2024-07-11 14:48:24 +02:00
parent dbda31d570
commit 352913ba14
9 changed files with 50 additions and 14 deletions
--- a/Source/Engine/Renderer/GI/DynamicDiffuseGlobalIllumination.cpp
+++ b/Source/Engine/Renderer/GI/DynamicDiffuseGlobalIllumination.cpp
@@ -46,6 +46,7 @@ GPU_CB_STRUCT(Data0 {
    GlobalSignDistanceFieldPass::ConstantsData GlobalSDF;
    GlobalSurfaceAtlasPass::ConstantsData GlobalSurfaceAtlas;
    ShaderGBufferData GBuffer;
    Float4 RaysRotation;
    float Padding0;
    uint32 ProbesCount;
    float ResetBlend;
@@ -379,7 +380,7 @@ bool DynamicDiffuseGlobalIlluminationPass::RenderInner(RenderContext& renderCont
        desc2 = GPUBufferDescription::Buffer(sizeof(GPUDispatchIndirectArgs) * Math::DivideAndRoundUp(probesCountCascade, DDGI_TRACE_RAYS_PROBES_COUNT_LIMIT), GPUBufferFlags::Argument | GPUBufferFlags::UnorderedAccess, PixelFormat::R32_UInt, nullptr, sizeof(uint32));
        INIT_BUFFER(UpdateProbesInitArgs, "DDGI.UpdateProbesInitArgs");
 #undef INIT_BUFFER
-        LOG(Info, "Dynamic Diffuse Global Illumination memory usage: {0} MB, probes: {1}", memUsage / 1024 / 1024, probesCountTotal);
+        LOG(Info, "Dynamic Diffuse Global Illumination probes: {0}, memory usage: {1} MB", probesCountTotal, memUsage / (1024 * 1024));
        clear = true;
    }
 #if COMPILE_WITH_DEV_ENV
@@ -465,14 +466,15 @@ bool DynamicDiffuseGlobalIlluminationPass::RenderInner(RenderContext& renderCont
        ddgiData.Result.ProbesDistance = ddgiData.ProbesDistance->View();
        ddgiData.Result.ProbesIrradiance = ddgiData.ProbesIrradiance->View();
        Data0 data;
        // Compute random rotation matrix for probe rays orientation (randomized every frame)

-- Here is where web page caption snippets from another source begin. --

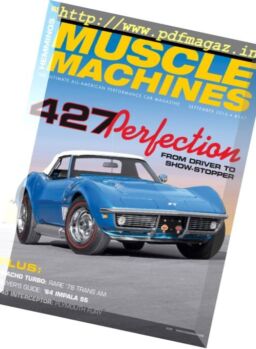 Hemmings Muscle Machines – September 2016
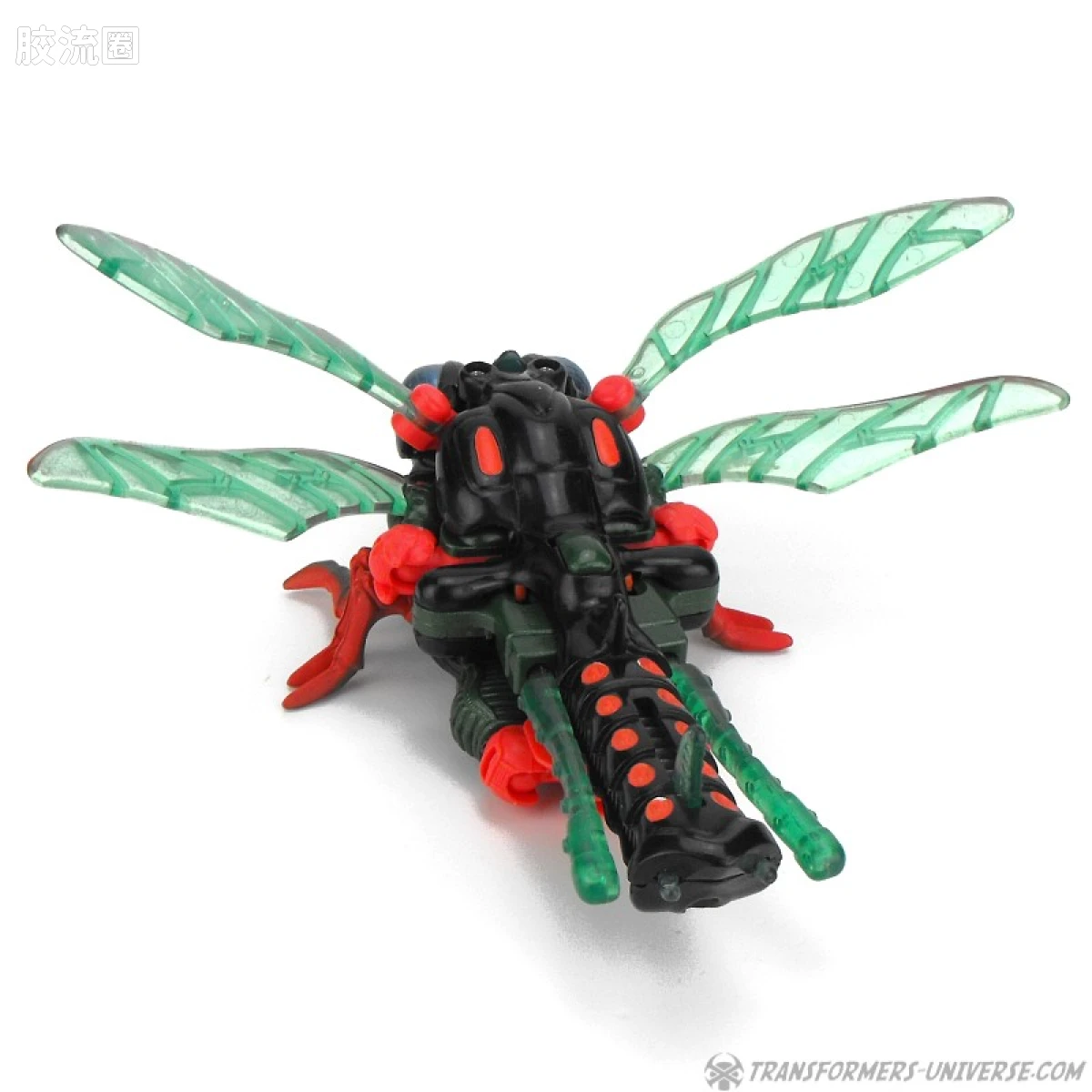 变形金刚 美版野兽之战 96-97 加强级 天暴 Jetstorm - 图片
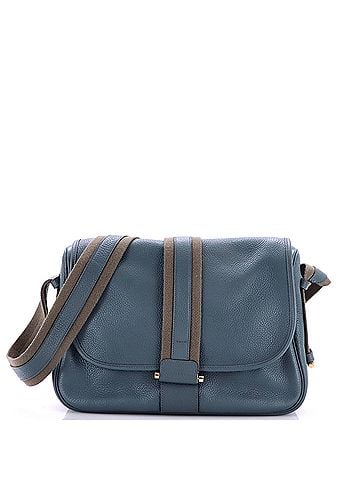 Hermès Bourlingue Messenger Bag Clemence (view 1)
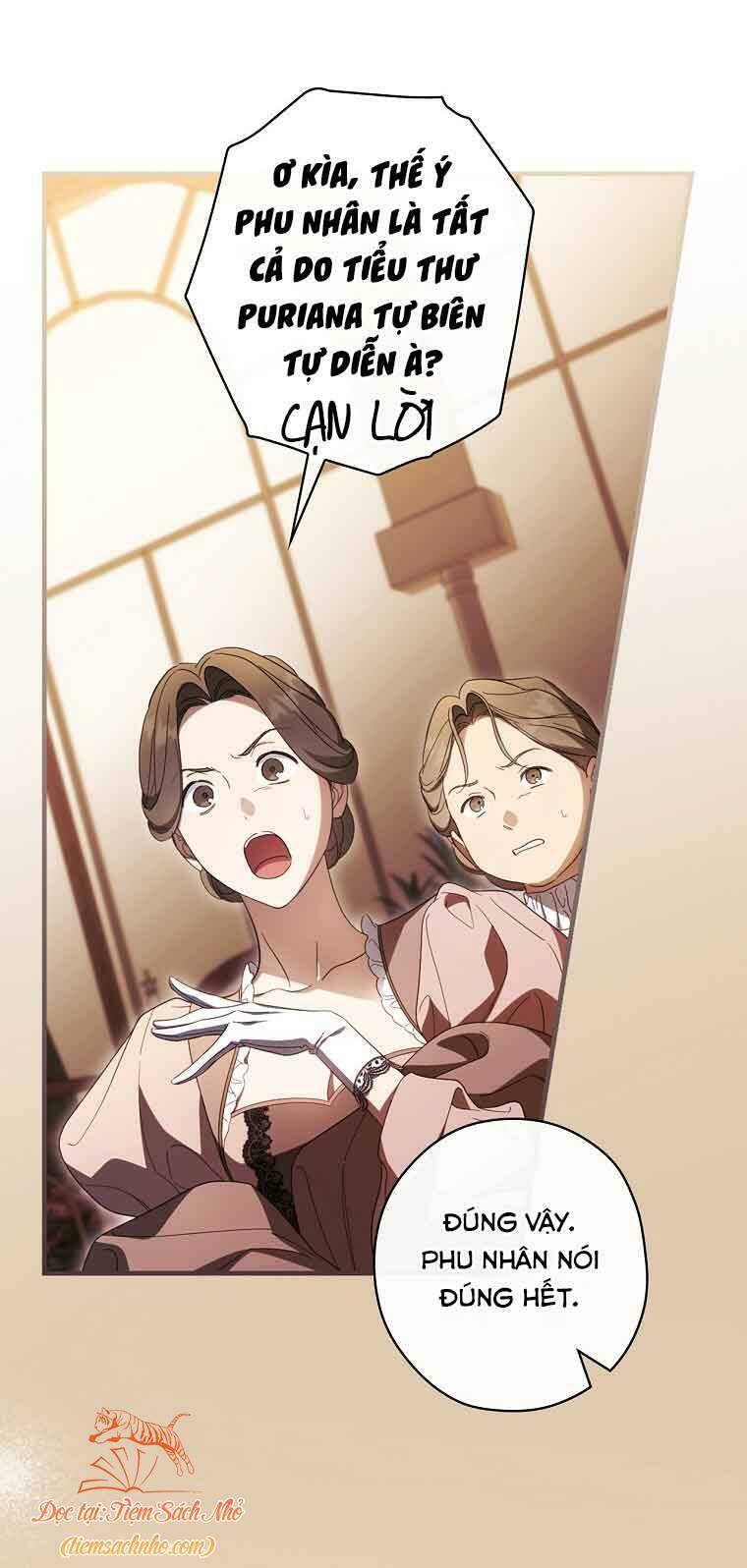 Phương Pháp Khiến Phu Quân Đứng Về Phía Tôi - Chapter 69 - Page 24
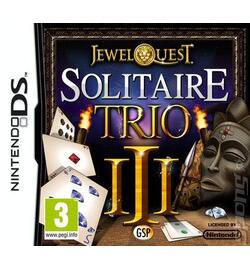 Jewel Quest Solitaire Trio (DS)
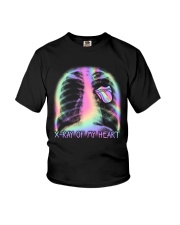 XRay Of My Heart Youth T-Shirt tile
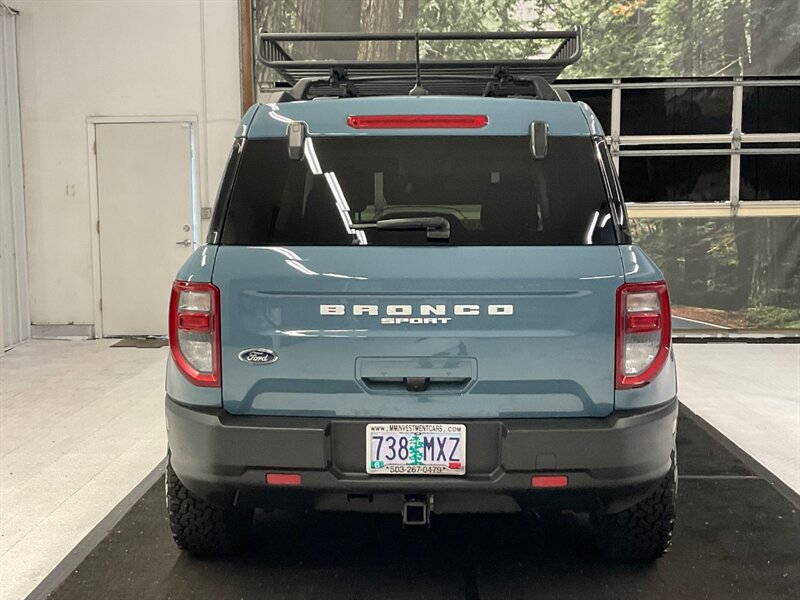 2021 Ford Bronco Sport Big Bend 4X4 /1.5L 3Cyl ECOBOOST/ 0,000 MILE  / 1-OWNER LOCAL / LUGGAGE RACK / SHARP SHARP !! - Photo 6 - Gladstone, OR 97027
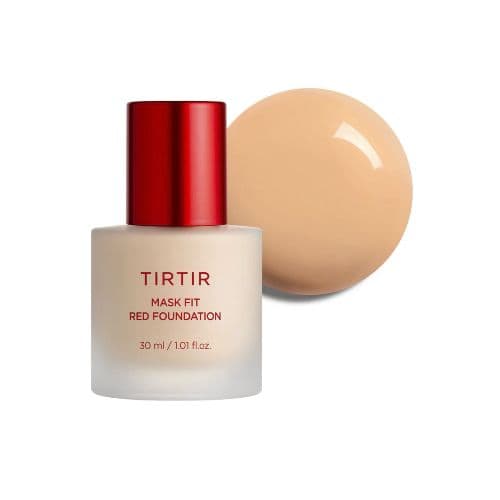 TIRTIR - Fond de teint rouge Mask Fit - 30ml - 24N Latte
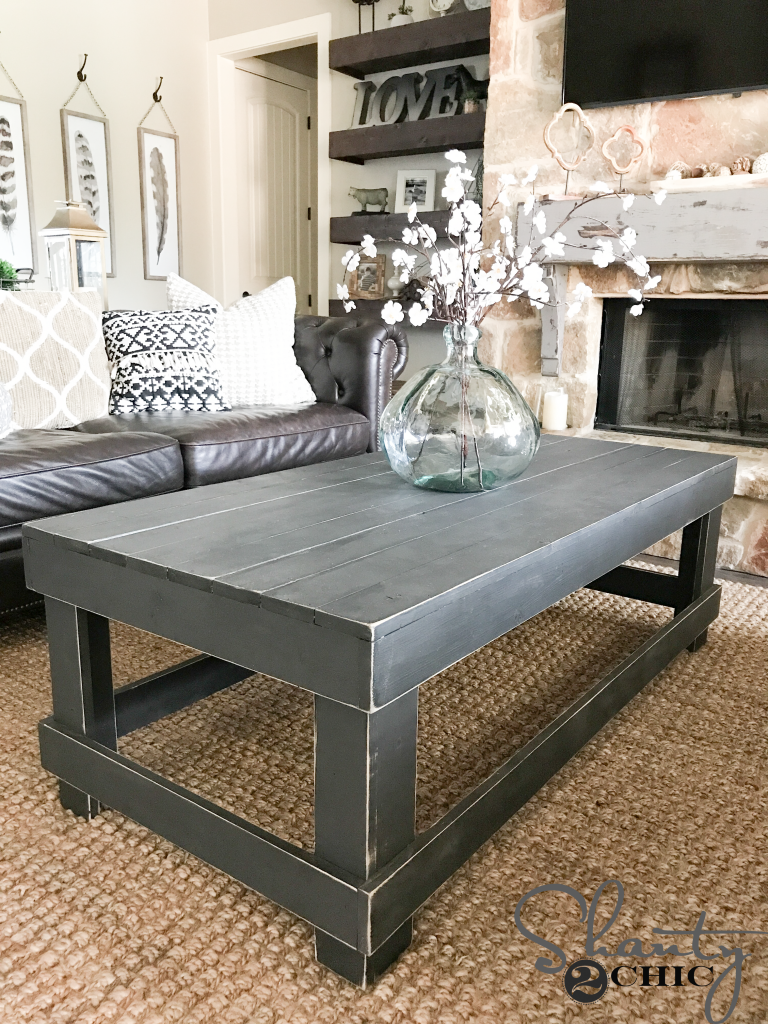Two Tool Coffee Table - Image 1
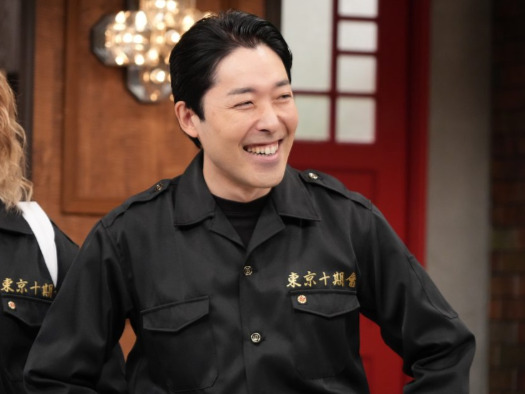 中田敦彦さん(フジテレビューより)
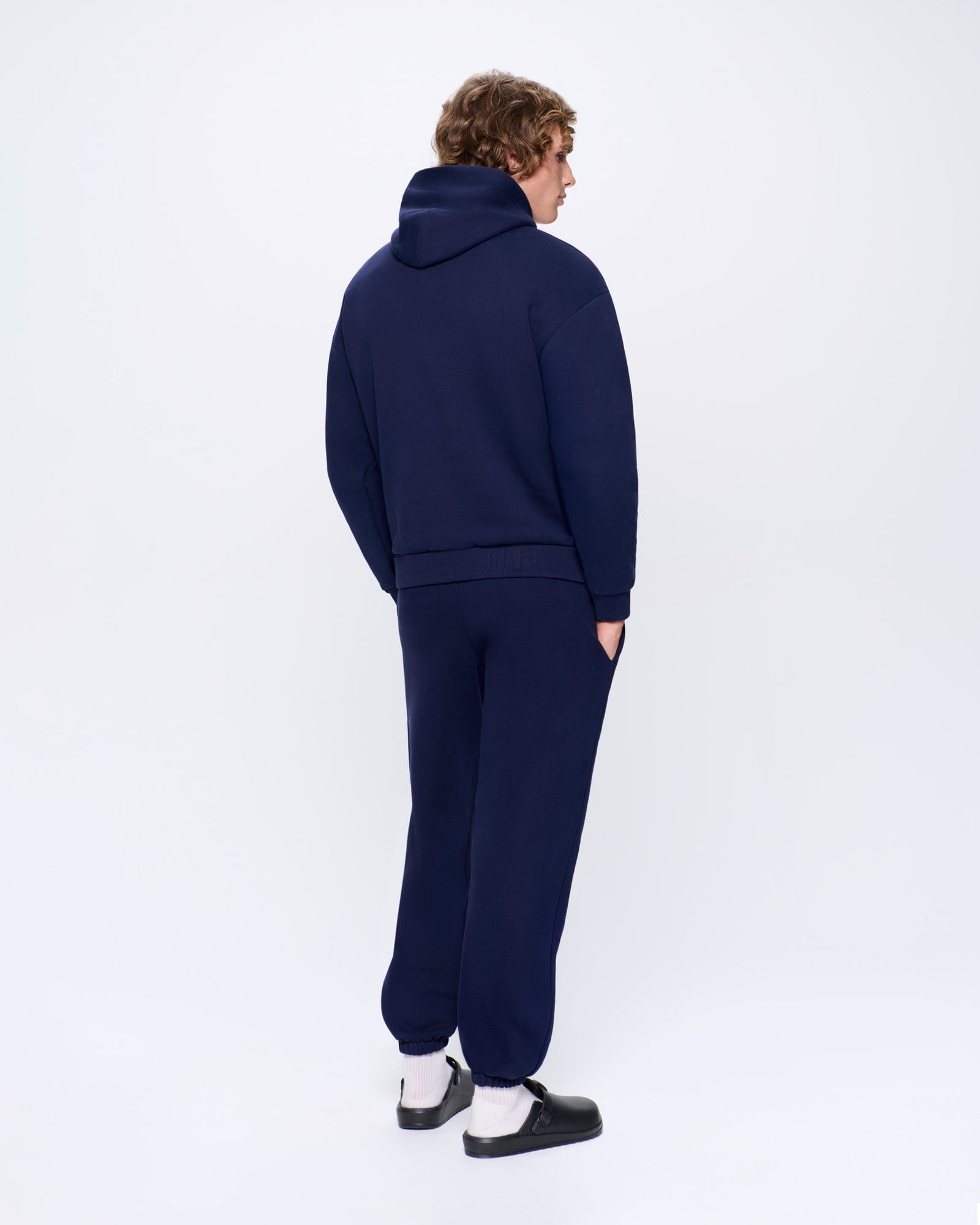 Mens 365 Heavyweight Track Pants - Navy Blue - 3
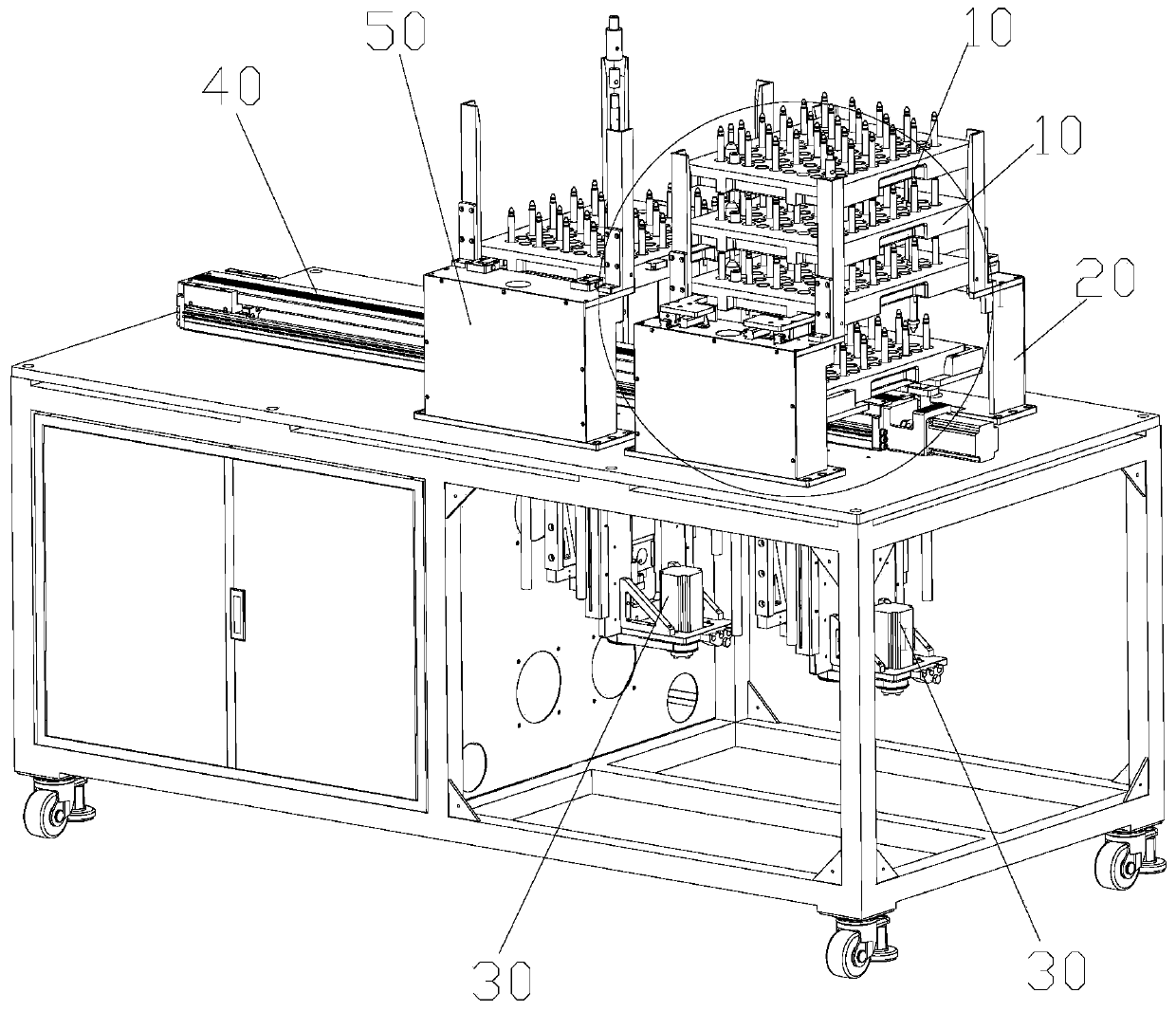 Feeding equipment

        Matrix3x3 raysRotationMatrix;
        CalculateVolumeRandomRotation(raysRotationMatrix);
-        Quaternion& raysRotation = *(Quaternion*)&ddgiData.Result.Constants.RaysRotation;
+        Quaternion& raysRotation = *(Quaternion*)&data.RaysRotation;
        Quaternion::RotationMatrix(raysRotationMatrix, raysRotation);
        raysRotation.Conjugate();
        Data0 data;
        data.DDGI = ddgiData.Result.Constants;
        data.GlobalSDF = bindingDataSDF.Constants;
        data.GlobalSurfaceAtlas = bindingDataSurfaceAtlas.Constants;
@@ -638,7 +640,6 @@ bool DynamicDiffuseGlobalIlluminationPass::Render(RenderContext& renderContext,
    auto& ddgiData = *renderBuffers->GetCustomBuffer<DDGICustomBuffer>(TEXT("DDGI"));
    if (render && ddgiData.LastFrameUsed == Engine::FrameCount)
        render = false;
    PROFILE_GPU_CPU("Dynamic Diffuse Global Illumination");
    if (render)
--- a/Source/Engine/Renderer/GI/DynamicDiffuseGlobalIllumination.h
+++ b/Source/Engine/Renderer/GI/DynamicDiffuseGlobalIllumination.h
@@ -22,7 +22,6 @@ public:
        float ProbeHistoryWeight;
        float RayMaxDistance;
        float IndirectLightingIntensity;
        Float4 RaysRotation;
        Float3 ViewPos;
        uint32 RaysCount;
        Float3 FallbackIrradiance;
--- a/Source/Engine/Renderer/GI/GlobalSurfaceAtlasPass.cpp
+++ b/Source/Engine/Renderer/GI/GlobalSurfaceAtlasPass.cpp
@@ -742,7 +742,7 @@ bool GlobalSurfaceAtlasPass::Render(RenderContext& renderContext, GPUContext* co
                return true;
            memUsage += surfaceAtlasData.ChunksBuffer->GetMemoryUsage();
        }
-        LOG(Info, "Global Surface Atlas resolution: {0}, memory usage: {1} MB", resolution, memUsage / 1024 / 1024);
+        LOG(Info, "Global Surface Atlas resolution: {0}, memory usage: {1} MB", resolution, memUsage / (1024 * 1024));
    }
    for (SceneRendering* scene : renderContext.List->Scenes)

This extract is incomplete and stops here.